→ **TRY IT**
Set down every record below exactly as it stands, with the pictures omitted.

#### DATASET EXTRACT

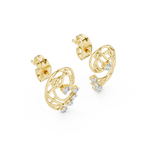 Funkelnde Diamant-Gold-Creolen | Ohrringe mit Blumenmuster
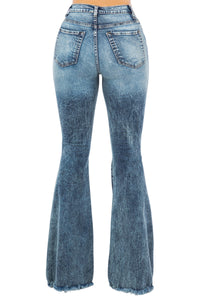 Storm Bell Bottom Jean in Stone Wash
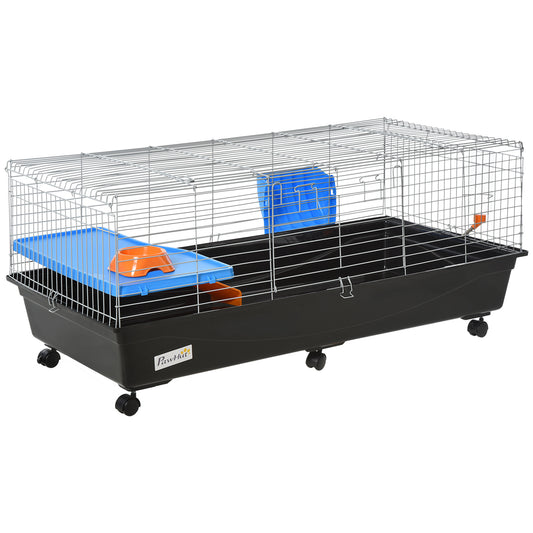 47" Small Animal Cage, Rolling Bunny Cage, Guinea Pig Cage with Food Dish, Water Bottle, Hay Feeder, Platform, Ramp for Chinchilla, Black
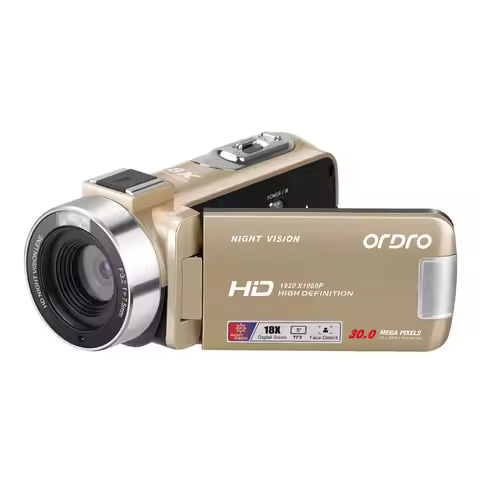 Ordro HD Camcorder 18X Digital Zoom Video Camera, 1080P Infrared Night Vision, Vintage Cheap Home Us
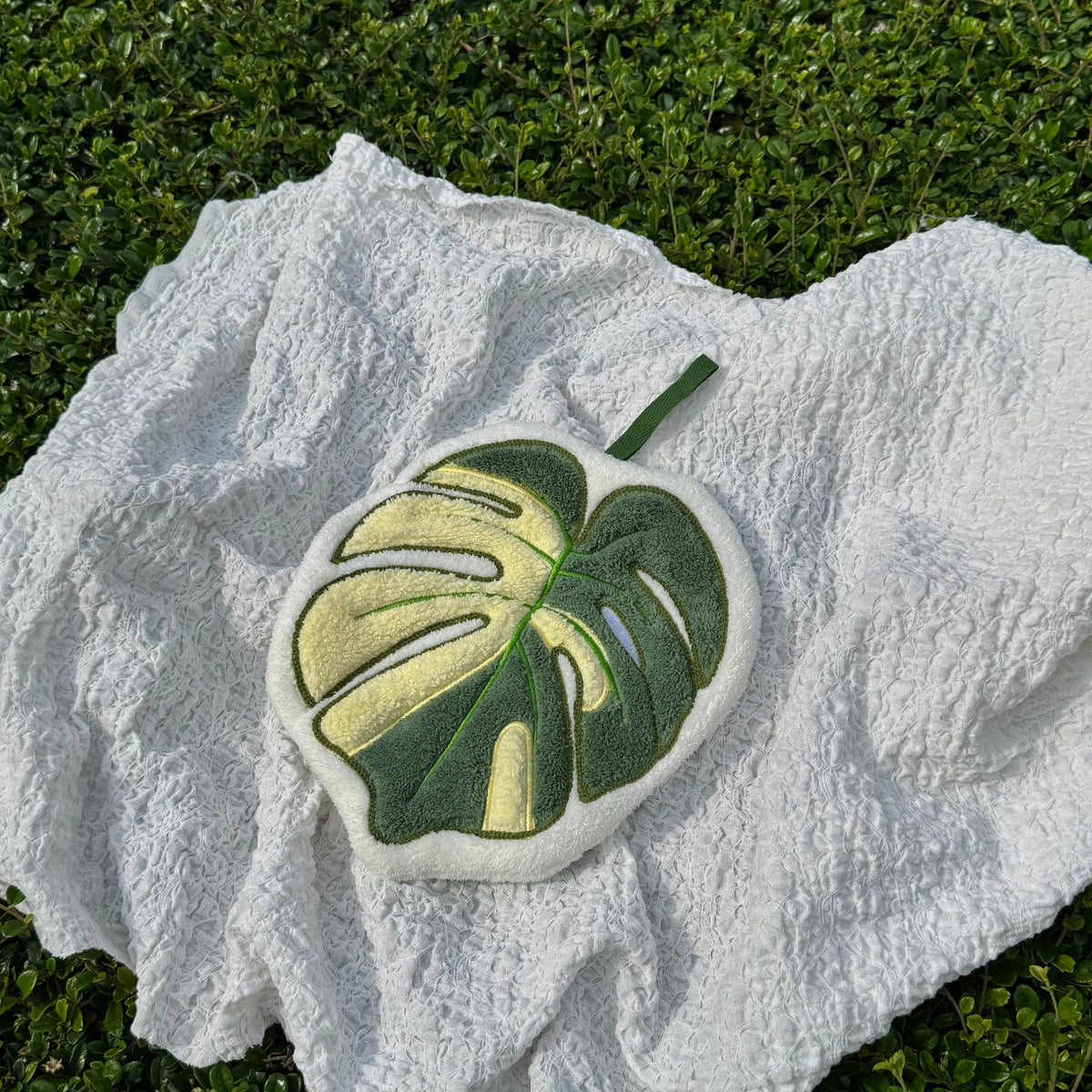 Variegated Monstera Leaf - Hanging Hand Towel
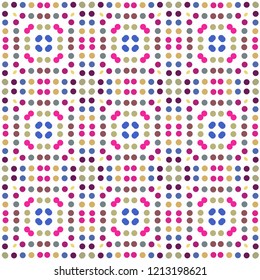 Seamless abstract pattern background with a variety of colored circles.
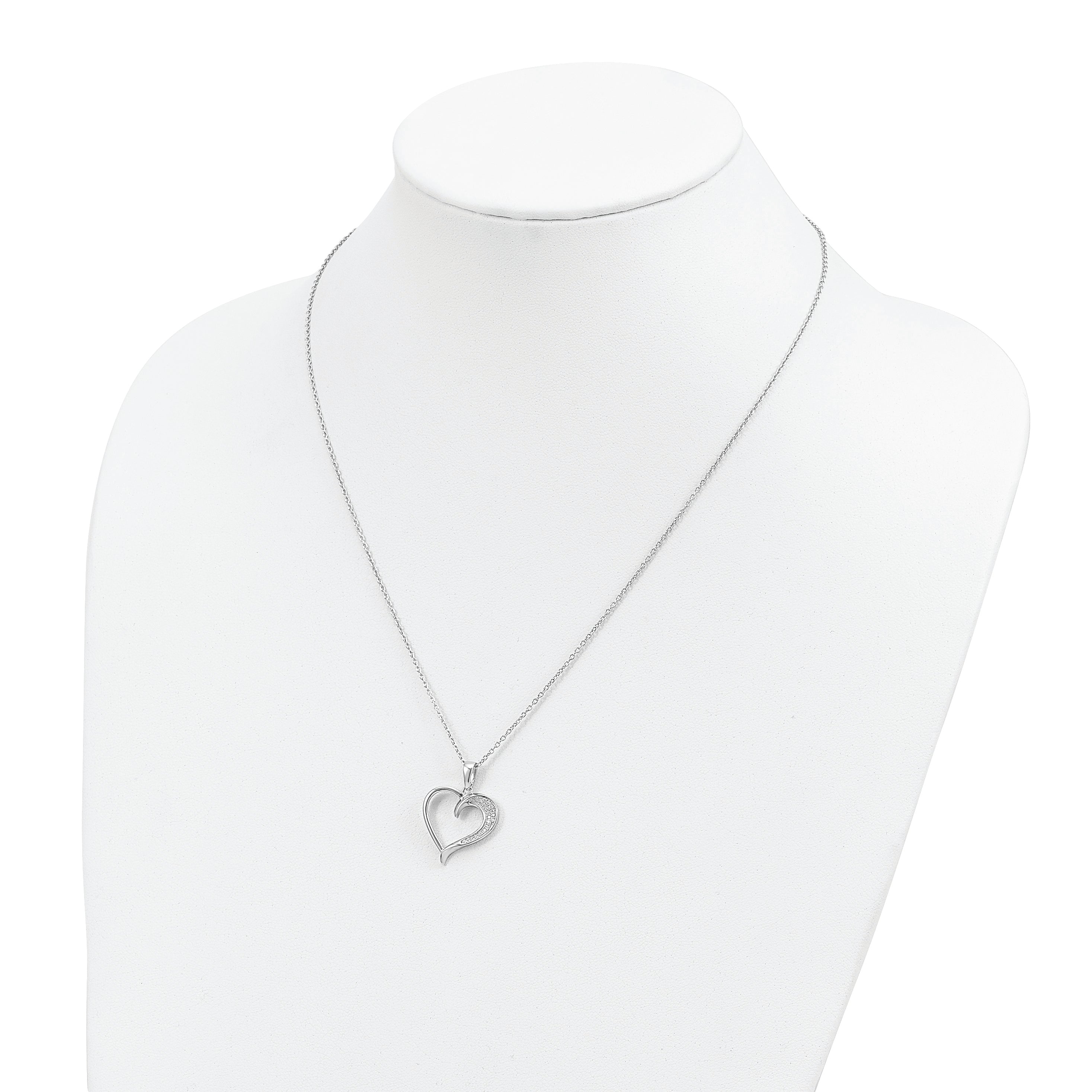 Brilliant Embers Sterling Silver Rhodium-plated 21 Stone 18 inch Micro PavÇ CZ Polished Heart Necklace with 2 Inch Extender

########

→ **PROBLEM SOLUTION**
 Funkelnde Diamant-Gold-Creolen | Ohrringe mit Blumenmuster
 Storm Bell Bottom Jean in Stone Wash
 47" Small Animal Cage, Rolling Bunny Cage, Guinea Pig Cage with Food Dish, Water Bottle, Hay Feeder, Platform, Ramp for Chinchilla, Black
 Ordro HD Camcorder 18X Digital Zoom Video Camera, 1080P Infrared Night Vision, Vintage Cheap Home Us
 Variegated Monstera Leaf - Hanging Hand Towel
 Seamless abstract pattern background with a variety of colored circles.
 Brilliant Embers Sterling Silver Rhodium-plated 21 Stone 18 inch Micro PavÇ CZ Polished Heart Necklace with 2 Inch Extender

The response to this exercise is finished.